There’s nothing more satisfying than receiving a message like this from one of my readers. In fact, words like these keep me going on days I don’t feel like going anywhere.
Being a voice over means signing up for a reclusive lifestyle. As a reluctant extrovert, it’s one of the many aspects of my job that makes it such a good fit. But even though I generally love what I do -professionally speaking- some days I would rather curl up in a ball, and not be recording some poorly written script for an impatient client.
I believe that most of what we see and hear about the life of a voice over, especially on social media, is almost too romantic. It seems too good to be true. There’s all these smiling faces in front of microphones telling us they made even more money this month, than during the same time last year.
Well, good for you!
Look, there’s a colleague who has bought a shiny $4000 microphone. Big whoop! And watch that girl… she just landed a national commercial and wants the whole world to know.

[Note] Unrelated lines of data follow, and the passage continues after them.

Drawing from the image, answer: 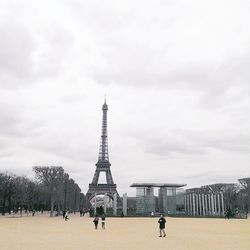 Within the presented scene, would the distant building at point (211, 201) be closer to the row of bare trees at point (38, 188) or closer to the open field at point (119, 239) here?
the row of bare trees at point (38, 188)

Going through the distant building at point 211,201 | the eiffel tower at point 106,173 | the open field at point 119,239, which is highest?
the eiffel tower at point 106,173

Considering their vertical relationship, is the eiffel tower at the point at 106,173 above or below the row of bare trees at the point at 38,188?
above

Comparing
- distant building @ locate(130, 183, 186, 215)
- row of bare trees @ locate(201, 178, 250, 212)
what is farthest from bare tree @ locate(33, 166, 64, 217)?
row of bare trees @ locate(201, 178, 250, 212)

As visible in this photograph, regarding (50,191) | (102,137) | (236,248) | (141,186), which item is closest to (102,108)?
(102,137)

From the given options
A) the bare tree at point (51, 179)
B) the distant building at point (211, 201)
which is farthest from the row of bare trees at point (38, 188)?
the distant building at point (211, 201)

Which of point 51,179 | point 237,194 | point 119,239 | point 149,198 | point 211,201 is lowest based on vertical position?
point 119,239

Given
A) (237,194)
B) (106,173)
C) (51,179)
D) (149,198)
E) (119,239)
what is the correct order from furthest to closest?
1. (106,173)
2. (237,194)
3. (149,198)
4. (51,179)
5. (119,239)

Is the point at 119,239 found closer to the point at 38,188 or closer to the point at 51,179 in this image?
the point at 51,179

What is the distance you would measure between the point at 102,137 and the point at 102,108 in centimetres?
1512

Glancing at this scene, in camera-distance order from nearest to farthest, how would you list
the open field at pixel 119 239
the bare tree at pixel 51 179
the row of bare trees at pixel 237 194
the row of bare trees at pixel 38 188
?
the open field at pixel 119 239 → the row of bare trees at pixel 38 188 → the bare tree at pixel 51 179 → the row of bare trees at pixel 237 194

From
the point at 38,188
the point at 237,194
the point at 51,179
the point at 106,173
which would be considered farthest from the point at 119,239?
the point at 106,173

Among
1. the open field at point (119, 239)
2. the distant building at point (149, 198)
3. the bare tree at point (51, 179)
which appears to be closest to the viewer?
the open field at point (119, 239)

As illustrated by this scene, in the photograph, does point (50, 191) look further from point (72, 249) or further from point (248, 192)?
point (72, 249)

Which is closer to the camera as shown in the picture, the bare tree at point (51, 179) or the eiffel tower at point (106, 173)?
the bare tree at point (51, 179) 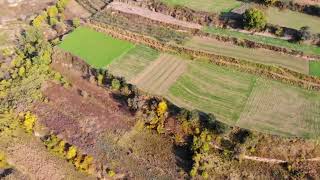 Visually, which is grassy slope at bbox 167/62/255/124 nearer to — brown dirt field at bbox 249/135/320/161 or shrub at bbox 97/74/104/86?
brown dirt field at bbox 249/135/320/161

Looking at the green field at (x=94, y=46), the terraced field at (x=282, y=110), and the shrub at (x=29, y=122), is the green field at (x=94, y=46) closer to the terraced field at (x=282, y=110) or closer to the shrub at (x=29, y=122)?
the shrub at (x=29, y=122)

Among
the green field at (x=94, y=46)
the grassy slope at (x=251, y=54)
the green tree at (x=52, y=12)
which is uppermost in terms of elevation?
the grassy slope at (x=251, y=54)

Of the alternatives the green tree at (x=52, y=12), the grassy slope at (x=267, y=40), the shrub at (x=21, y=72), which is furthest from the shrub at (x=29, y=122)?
the grassy slope at (x=267, y=40)

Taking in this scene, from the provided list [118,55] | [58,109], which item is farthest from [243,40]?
[58,109]

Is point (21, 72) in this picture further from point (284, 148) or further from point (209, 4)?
point (284, 148)

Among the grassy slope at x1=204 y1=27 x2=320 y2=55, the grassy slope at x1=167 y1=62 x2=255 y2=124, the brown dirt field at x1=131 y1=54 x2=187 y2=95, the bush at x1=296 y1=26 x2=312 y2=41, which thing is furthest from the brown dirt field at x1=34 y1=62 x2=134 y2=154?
the bush at x1=296 y1=26 x2=312 y2=41

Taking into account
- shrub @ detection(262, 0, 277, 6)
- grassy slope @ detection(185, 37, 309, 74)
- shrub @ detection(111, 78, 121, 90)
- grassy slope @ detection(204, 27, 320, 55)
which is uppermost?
shrub @ detection(262, 0, 277, 6) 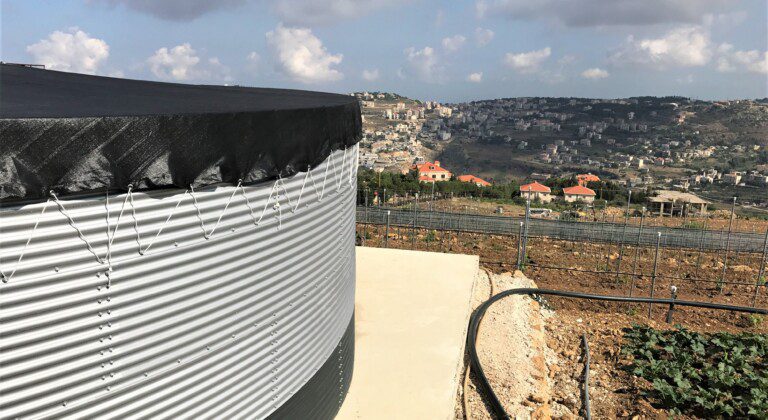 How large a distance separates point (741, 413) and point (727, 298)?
7.06m

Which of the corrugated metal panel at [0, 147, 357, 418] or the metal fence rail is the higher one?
the corrugated metal panel at [0, 147, 357, 418]

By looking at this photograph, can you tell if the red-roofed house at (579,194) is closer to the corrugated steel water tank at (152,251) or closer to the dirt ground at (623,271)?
the dirt ground at (623,271)

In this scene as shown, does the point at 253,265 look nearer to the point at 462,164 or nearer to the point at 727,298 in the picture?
the point at 727,298

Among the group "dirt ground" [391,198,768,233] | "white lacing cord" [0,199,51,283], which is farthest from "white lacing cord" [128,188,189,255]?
"dirt ground" [391,198,768,233]

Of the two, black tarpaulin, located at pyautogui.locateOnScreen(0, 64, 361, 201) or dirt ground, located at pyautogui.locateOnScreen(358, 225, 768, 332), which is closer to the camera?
black tarpaulin, located at pyautogui.locateOnScreen(0, 64, 361, 201)

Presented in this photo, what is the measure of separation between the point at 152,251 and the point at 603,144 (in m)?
120

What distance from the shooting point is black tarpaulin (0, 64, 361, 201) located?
239 centimetres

On one hand it’s wonderful to celebrate your successes publicly, but for those who aren’t as accomplished or experienced, it can be pretty depressing and disheartening. Your success sucks! Keep in mind, every time one person wins an audition, there are tons of disappointed “losers.”
I understand the need for certain people to pat themselves on the back in public. For some it’s validation. For others it might be vindication. But there’s a downside to it.

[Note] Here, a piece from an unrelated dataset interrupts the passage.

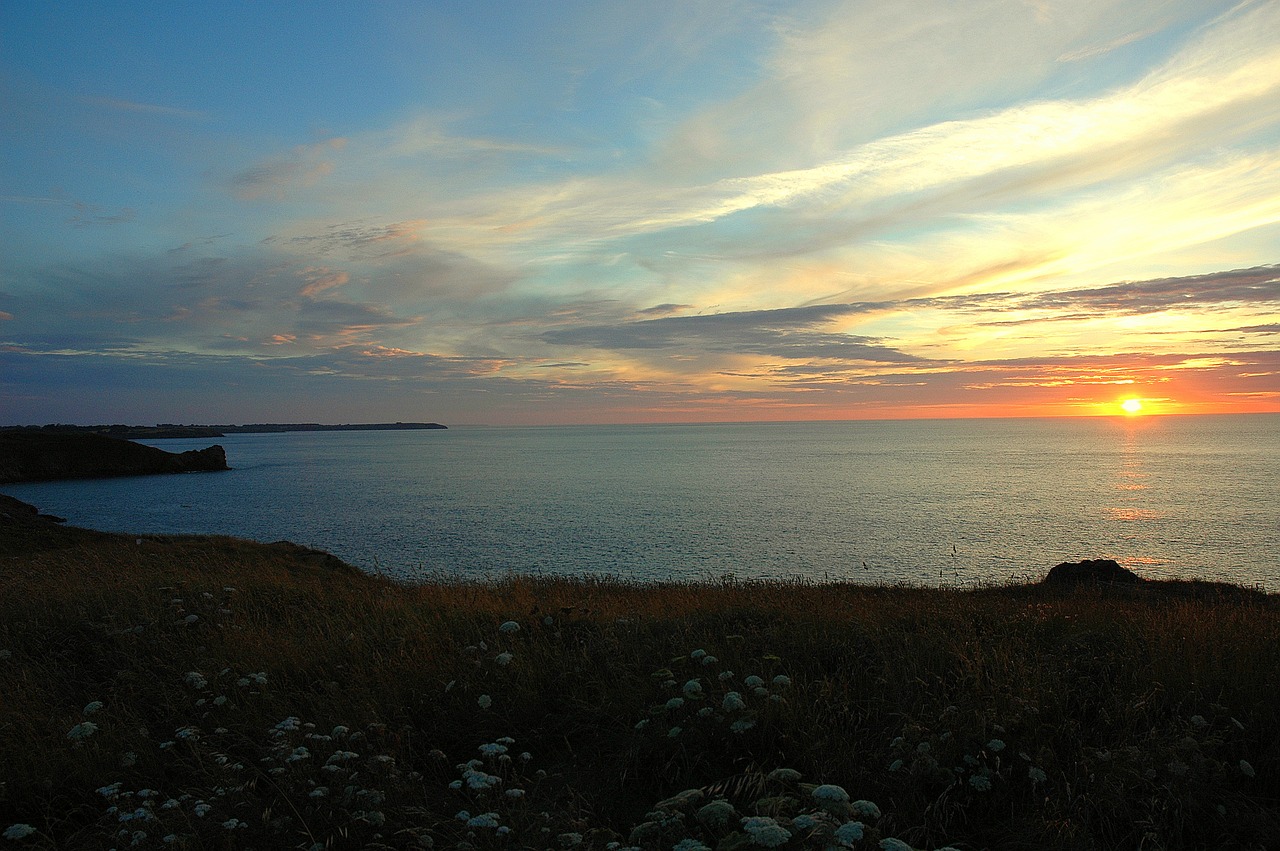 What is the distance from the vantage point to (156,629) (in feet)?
30.1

Nothing you will ever say about yourself, will be as powerful as what others say about you.
Your own words will always be taken with a big grain of salt. I mean, why wouldn’t you present yourself in a positive light? In that respect you’re no better than a loud TV commercial people are inclined to distrust.
“Be proud, but don’t applaud yourself,” my mother used to say. “That’s other people’s job.”

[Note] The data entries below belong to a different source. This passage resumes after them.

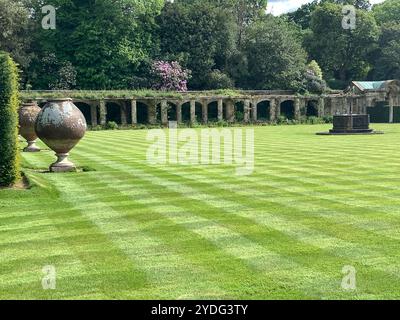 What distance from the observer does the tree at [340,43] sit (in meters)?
76.4

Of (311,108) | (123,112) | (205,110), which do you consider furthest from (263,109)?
(123,112)

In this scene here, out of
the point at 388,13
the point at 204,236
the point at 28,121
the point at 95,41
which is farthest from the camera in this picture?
the point at 388,13

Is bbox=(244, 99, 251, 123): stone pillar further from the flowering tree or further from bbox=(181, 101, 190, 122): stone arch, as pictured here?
the flowering tree

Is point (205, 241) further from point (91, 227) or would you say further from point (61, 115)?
point (61, 115)

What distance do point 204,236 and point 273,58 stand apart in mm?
Answer: 65640

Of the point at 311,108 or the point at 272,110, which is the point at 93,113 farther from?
the point at 311,108

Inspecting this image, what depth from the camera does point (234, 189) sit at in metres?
13.2

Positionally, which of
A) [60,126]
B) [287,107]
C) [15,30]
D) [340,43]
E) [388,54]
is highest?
[15,30]

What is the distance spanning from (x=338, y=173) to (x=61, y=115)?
769 cm

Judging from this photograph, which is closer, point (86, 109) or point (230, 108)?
point (86, 109)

Coach and voice over Terry Daniel had this to say:
“I’m all for posting about a booking! There’s nothing wrong with that but when people have to post about EVERY booking, it comes across as a bit insecure. The big-time pros just book and record their work. They don’t feel the need to jump on social media and grandstand about every booking. “
Stephane Cornicard made an important distinction, showing us that it’s not all black or white:
” I think we are all a bit guilty of sharing our booking good news too readily. At the same time sometimes you just HAVE to share… I think what needs to be ascertained is the intent behind the post and analyse our response to it similarly. When someone I am not very fond of, or I don’t think is particularly talented or deserving, posts about their success, it tends to annoy me. When it’s a friend, or when I value their work and talent, it makes me happy for them…”
My colleague Patrick Kirchner put it very well when he wrote:
“For anyone who has been in this job long enough to make the full loop of the roller coaster: When we are at the top, it’s our job to help those whose turn it is to be at the bottom. When we are at the bottom, we’re looking for those at the top to be encouraging, not to remind us they’re at the top. Sometimes that roller coaster moves pretty steeply and quickly.”
When you have someone else spontaneously sing your praises, that’s the kind of exposure money can’t buy. It’s genuine, heartfelt, and persuasive.
So, thank you, dear reader. You’ve made my day!